Go over the data and copy out each line with "Mountain" in it.

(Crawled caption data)

*** Block opens ***

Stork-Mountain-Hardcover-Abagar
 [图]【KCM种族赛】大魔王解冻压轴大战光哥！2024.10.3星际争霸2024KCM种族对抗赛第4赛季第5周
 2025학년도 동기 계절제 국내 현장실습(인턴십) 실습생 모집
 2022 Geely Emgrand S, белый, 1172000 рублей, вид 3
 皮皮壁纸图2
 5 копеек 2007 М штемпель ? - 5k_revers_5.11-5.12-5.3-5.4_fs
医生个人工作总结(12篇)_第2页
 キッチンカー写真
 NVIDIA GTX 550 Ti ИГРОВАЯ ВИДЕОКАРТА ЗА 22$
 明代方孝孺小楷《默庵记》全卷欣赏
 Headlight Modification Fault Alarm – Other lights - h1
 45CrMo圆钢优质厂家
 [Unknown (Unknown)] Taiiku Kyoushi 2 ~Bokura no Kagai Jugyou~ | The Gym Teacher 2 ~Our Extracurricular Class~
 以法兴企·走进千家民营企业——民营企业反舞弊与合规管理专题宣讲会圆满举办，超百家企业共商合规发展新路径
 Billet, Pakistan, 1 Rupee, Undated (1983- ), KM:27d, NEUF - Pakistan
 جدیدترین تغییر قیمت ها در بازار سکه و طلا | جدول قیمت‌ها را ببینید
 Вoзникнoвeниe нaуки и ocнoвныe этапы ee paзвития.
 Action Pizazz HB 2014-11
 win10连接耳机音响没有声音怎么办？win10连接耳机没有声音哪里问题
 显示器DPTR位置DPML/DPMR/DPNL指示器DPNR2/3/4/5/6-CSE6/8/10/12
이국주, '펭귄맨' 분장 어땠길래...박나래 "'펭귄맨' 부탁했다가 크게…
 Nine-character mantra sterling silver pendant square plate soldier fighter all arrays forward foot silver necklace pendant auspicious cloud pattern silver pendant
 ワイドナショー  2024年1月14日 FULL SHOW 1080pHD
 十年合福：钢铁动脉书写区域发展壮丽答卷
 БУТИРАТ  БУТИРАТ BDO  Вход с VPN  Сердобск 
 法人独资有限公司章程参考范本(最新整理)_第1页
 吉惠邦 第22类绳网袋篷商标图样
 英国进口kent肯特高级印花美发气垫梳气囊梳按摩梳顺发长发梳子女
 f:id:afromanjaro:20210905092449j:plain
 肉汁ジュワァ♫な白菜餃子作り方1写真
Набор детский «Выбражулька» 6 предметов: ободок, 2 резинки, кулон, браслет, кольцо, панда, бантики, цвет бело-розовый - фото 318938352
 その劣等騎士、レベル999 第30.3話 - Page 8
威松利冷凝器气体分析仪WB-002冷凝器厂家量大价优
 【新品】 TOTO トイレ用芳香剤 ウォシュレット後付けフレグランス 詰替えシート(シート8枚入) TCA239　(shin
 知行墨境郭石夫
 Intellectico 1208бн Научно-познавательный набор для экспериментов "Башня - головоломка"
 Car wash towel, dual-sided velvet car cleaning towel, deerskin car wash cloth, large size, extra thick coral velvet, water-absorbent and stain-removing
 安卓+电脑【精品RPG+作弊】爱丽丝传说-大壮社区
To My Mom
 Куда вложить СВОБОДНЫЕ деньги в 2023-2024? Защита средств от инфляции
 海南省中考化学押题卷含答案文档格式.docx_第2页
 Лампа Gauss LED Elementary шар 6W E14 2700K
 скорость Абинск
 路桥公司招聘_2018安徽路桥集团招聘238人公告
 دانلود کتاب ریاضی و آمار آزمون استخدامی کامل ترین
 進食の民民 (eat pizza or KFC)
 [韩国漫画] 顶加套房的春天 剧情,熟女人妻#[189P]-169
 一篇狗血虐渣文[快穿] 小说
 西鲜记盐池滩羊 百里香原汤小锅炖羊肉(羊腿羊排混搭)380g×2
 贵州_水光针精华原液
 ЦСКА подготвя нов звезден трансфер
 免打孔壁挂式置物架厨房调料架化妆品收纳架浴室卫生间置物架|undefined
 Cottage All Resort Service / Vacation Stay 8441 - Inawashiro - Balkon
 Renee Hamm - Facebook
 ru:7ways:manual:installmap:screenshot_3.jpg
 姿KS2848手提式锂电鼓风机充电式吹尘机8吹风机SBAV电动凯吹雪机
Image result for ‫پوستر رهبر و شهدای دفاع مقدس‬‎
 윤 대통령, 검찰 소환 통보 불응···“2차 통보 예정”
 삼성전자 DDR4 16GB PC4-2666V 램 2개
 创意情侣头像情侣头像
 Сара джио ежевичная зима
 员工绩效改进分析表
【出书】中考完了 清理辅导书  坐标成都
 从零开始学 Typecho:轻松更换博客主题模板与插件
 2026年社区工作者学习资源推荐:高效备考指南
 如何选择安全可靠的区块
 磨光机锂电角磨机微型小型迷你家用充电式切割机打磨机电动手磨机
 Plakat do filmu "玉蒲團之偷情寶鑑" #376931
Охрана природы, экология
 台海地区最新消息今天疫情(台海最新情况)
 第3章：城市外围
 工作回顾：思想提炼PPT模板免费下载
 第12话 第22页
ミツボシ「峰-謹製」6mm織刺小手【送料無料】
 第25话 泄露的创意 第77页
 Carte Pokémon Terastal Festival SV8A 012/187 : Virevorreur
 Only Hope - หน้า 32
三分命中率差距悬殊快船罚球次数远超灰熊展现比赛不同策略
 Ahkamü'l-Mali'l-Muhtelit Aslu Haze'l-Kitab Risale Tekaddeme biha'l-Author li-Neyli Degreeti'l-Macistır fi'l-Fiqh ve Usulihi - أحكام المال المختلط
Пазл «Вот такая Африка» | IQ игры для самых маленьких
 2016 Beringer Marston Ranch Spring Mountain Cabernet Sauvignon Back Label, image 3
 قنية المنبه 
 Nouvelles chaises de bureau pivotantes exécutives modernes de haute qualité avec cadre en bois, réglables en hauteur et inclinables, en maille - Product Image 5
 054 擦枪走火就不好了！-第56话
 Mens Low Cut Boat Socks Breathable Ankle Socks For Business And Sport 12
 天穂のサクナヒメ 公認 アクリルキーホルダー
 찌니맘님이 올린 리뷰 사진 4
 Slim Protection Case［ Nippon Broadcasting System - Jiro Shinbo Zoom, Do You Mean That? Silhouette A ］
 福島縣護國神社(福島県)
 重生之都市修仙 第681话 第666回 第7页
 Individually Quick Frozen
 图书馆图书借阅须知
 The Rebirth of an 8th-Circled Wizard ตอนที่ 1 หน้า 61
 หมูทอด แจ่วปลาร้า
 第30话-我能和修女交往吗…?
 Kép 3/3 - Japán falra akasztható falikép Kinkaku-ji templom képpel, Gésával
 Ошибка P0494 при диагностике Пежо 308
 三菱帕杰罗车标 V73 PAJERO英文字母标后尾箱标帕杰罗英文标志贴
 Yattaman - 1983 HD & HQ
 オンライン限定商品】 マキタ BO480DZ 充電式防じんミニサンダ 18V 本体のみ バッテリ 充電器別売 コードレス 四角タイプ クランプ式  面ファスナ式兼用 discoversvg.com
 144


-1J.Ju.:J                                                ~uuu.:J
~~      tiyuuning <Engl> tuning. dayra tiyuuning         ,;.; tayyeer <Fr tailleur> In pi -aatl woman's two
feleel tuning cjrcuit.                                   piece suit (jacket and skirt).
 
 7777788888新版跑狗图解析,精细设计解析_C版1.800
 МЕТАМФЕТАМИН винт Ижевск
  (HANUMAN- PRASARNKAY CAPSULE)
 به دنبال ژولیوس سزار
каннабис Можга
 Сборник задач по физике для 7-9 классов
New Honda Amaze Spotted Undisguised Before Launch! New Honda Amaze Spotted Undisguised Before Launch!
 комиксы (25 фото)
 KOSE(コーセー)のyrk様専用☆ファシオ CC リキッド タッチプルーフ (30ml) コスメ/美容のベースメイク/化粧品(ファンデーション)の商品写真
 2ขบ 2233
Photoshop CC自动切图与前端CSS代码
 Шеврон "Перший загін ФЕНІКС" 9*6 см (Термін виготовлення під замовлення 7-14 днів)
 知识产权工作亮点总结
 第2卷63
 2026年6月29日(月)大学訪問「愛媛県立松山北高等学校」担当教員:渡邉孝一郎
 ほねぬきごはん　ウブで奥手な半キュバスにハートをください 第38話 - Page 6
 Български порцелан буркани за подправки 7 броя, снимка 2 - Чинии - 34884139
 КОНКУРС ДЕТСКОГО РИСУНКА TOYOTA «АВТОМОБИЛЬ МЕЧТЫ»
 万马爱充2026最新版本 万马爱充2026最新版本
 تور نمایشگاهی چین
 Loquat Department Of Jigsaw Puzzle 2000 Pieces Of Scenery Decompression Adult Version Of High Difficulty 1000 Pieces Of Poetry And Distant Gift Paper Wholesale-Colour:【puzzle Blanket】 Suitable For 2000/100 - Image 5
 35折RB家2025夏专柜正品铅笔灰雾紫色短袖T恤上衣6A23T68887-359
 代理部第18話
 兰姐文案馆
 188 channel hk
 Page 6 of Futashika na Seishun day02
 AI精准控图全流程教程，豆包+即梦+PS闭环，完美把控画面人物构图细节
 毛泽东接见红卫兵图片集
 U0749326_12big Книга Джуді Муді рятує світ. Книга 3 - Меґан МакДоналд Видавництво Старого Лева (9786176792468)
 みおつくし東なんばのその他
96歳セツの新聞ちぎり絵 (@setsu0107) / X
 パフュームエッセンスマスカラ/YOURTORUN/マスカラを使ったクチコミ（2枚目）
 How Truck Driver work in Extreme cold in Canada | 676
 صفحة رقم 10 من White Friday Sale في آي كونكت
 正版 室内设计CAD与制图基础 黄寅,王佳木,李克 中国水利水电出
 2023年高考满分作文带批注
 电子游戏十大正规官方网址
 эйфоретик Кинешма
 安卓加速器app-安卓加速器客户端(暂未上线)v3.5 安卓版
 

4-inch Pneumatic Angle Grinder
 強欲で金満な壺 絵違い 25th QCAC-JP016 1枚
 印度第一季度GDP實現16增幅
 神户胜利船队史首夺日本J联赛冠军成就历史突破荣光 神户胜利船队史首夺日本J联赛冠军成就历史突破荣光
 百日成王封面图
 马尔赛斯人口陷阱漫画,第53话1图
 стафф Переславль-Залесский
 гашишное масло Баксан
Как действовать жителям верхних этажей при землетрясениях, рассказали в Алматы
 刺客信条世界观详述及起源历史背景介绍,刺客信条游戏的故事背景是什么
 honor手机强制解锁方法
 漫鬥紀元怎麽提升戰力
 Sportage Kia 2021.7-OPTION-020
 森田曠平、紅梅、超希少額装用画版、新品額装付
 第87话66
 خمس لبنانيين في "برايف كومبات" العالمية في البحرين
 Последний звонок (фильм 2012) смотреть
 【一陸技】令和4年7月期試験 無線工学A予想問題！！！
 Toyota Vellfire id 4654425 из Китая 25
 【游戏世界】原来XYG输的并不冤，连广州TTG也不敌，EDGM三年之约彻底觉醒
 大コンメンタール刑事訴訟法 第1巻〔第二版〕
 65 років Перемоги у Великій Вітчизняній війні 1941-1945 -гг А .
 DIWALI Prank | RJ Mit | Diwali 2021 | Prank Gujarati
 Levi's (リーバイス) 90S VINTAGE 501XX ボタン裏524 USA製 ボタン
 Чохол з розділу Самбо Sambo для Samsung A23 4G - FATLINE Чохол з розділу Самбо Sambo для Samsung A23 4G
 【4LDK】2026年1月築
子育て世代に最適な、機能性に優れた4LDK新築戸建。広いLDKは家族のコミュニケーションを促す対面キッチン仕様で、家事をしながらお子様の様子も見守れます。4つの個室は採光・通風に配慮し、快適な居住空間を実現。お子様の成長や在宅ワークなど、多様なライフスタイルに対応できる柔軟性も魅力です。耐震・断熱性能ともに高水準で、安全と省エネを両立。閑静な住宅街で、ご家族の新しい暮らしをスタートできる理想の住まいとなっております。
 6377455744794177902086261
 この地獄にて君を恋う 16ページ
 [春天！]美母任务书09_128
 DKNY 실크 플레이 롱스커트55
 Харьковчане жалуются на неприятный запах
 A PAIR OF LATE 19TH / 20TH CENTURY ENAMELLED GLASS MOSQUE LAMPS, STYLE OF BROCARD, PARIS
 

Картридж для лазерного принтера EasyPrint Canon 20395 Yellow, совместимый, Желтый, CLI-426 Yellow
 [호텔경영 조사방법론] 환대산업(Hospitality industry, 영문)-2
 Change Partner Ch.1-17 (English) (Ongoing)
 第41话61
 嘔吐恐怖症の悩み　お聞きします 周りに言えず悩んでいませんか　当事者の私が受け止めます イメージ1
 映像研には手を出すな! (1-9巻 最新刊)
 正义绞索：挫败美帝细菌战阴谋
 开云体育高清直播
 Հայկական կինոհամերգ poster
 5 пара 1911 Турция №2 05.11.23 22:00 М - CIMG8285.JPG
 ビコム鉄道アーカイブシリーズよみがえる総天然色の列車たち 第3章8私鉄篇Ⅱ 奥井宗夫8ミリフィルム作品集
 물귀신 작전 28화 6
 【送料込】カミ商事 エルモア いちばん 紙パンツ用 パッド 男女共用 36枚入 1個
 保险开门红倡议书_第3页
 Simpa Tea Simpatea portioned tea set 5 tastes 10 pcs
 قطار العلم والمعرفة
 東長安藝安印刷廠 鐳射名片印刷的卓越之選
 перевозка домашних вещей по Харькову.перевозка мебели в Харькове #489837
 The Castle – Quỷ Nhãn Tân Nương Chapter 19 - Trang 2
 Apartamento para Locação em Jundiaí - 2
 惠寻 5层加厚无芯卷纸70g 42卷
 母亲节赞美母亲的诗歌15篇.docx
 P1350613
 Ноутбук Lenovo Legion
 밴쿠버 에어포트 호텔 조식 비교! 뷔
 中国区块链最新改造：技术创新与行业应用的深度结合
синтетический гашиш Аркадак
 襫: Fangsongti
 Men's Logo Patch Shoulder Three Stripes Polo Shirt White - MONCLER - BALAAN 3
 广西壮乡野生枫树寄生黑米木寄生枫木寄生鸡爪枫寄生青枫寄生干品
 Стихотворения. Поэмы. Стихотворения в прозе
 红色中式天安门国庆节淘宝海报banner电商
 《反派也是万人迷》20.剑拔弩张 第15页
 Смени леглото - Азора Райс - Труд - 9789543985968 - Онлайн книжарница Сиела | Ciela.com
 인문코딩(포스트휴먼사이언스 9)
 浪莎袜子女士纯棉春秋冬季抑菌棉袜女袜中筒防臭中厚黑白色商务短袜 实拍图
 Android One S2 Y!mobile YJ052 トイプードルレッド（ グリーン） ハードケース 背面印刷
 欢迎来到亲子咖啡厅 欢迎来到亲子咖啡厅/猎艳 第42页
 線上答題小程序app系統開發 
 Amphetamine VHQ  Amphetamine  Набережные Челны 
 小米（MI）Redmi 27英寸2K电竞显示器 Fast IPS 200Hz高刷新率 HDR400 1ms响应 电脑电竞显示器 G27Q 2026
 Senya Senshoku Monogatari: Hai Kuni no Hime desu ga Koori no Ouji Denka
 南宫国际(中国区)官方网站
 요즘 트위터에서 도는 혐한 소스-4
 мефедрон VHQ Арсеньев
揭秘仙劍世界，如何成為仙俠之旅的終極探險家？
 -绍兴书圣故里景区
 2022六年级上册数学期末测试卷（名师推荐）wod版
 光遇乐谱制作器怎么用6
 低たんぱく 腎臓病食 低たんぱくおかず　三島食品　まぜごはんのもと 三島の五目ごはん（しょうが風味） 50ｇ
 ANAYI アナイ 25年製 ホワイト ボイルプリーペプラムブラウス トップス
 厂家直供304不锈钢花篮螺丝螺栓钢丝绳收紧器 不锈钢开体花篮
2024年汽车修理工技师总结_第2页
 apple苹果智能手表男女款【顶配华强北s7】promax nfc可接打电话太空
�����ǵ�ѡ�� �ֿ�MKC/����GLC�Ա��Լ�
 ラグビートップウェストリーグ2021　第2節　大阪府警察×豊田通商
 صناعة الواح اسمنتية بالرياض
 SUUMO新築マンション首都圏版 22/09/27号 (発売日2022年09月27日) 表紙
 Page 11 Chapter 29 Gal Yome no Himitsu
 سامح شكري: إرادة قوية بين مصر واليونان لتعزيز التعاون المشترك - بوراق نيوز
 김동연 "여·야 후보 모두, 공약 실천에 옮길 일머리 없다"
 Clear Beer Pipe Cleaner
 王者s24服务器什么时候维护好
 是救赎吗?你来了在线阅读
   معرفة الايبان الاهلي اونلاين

*** Block closes ***

### Result of this exercise
Stork-Mountain-Hardcover-Abagar
 2016 Beringer Marston Ranch Spring Mountain Cabernet Sauvignon Back Label, image 3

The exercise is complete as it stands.